*** Provided records ***

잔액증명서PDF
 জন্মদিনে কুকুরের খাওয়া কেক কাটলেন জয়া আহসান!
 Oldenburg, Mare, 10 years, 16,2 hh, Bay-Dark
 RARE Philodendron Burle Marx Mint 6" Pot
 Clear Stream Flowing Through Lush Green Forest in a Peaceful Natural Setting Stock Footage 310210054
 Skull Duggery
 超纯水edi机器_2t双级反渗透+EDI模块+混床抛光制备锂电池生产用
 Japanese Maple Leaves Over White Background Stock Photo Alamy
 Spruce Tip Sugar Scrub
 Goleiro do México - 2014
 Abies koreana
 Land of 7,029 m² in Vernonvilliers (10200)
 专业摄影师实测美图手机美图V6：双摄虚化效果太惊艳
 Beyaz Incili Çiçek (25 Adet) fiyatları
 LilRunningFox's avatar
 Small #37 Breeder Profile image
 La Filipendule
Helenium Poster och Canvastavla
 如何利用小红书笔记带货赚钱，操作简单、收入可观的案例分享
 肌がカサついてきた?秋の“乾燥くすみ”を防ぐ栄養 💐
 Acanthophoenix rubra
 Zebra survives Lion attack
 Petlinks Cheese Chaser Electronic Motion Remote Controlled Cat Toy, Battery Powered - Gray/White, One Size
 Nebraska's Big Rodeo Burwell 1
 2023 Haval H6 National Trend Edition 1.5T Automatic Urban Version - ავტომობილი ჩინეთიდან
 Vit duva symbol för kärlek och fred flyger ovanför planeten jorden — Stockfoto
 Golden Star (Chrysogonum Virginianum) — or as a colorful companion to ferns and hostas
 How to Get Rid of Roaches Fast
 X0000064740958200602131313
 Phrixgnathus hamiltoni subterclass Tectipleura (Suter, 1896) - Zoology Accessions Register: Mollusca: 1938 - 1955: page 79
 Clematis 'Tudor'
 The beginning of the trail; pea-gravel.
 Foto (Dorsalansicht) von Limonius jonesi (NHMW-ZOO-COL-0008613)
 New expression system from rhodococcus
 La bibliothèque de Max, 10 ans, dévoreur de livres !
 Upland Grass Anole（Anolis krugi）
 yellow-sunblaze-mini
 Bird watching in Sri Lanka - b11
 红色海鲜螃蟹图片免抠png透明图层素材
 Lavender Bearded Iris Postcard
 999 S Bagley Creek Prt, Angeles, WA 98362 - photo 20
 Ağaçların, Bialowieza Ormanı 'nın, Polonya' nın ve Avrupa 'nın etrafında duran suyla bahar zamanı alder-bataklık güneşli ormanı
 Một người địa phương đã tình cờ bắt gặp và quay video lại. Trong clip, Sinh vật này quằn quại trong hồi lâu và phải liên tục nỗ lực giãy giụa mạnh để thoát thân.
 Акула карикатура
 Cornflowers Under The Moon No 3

*** End of Provided records ***

The problem: The answer must be every line from the records above that contains "White".

Result of the exercise:
 Japanese Maple Leaves Over White Background Stock Photo Alamy
 Petlinks Cheese Chaser Electronic Motion Remote Controlled Cat Toy, Battery Powered - Gray/White, One Size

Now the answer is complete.